Effect of Bone Microstructure Derived From CBCT on the Accuracy of Robot‐Assisted Implant Surgery: A Retrospective Study

Abstract

OBJECTIVE: The aim of this study was to investigate the influence of bone microstructure on the accuracy of robot-assisted dental implant surgery. MATERIALS AND METHODS: This retrospective study analyzed 52 patients who received robot-assisted implant surgery between January 2023 and October 2023. Cone beam computed tomography (CBCT) scans were used to evaluate bone microstructural parameters, including the bone volume (BV), tissue volume (TV), bone volume fraction (BV/TV), bone surface (BS), bone surface fraction (BS/BV), trabecular thickness (Tb.Th), and trabecular separation (Tb.Sp). Preoperative and postoperative CBCT data were used to evaluate implant accuracy, and the relationship between bone microstructure parameters and implant deviation including platform deviation, apex deviation, and angular deviation was statistically analyzed. RESULTS: In robot-assisted implant surgery, BS/BV was a potential facilitator of several implant deviations, while BV/TV and Tb.Th were potential inhibitors of apex global deviation and angular deviation, respectively.

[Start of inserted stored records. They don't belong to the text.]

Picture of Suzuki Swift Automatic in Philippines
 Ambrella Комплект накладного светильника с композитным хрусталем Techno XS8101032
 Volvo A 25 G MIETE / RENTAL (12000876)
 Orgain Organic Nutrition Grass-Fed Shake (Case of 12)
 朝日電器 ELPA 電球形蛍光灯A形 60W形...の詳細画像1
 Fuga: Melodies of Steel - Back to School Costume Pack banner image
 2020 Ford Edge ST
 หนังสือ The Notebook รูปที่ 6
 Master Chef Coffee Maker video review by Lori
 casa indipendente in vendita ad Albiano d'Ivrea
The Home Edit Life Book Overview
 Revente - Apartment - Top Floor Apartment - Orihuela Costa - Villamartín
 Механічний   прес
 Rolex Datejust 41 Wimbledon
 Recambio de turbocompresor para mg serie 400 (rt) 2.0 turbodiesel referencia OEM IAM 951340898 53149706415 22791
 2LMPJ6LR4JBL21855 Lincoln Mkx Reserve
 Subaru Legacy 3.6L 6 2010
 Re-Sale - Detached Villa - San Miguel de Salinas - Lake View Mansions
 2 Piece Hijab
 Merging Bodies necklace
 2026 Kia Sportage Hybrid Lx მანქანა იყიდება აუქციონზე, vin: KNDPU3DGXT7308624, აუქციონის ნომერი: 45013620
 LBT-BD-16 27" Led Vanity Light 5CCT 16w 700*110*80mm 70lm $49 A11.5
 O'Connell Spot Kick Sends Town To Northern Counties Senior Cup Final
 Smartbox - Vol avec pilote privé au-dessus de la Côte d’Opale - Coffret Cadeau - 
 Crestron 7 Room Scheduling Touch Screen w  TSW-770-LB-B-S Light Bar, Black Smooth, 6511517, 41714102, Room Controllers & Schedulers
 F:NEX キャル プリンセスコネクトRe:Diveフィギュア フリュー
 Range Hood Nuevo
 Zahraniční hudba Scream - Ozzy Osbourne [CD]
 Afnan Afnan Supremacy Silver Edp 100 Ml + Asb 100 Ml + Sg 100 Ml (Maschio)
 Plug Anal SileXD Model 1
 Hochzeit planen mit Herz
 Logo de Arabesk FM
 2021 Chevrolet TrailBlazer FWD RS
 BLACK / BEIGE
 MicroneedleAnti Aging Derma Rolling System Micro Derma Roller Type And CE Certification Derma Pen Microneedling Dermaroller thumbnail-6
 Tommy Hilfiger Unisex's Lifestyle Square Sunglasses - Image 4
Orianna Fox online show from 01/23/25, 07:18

Implant deviations were divided into two groups of large and small deviations by median, and the receiver operating characteristic (ROC) curve analysis showed that Tb.Th had the largest area under the ROC for predicting large apex global deviation, 0.711 (p < 0.001), with an optimal cutoff value > 0.179, a sensitivity and specificity of 70.37% and 76.92%. CONCLUSION: The study concluded that bone microstructure might affect the accuracy of dental implant placement in robotic surgeries. Incorporating bone quality assessments into preoperative planning may enhance the precision and outcomes of implant procedures, highlighting the potential for further refinement in robotic-assisted dental surgery techniques. TRIAL REGISTRATION: ClinicalTrials.gov identifier: ChiCTR2400085813.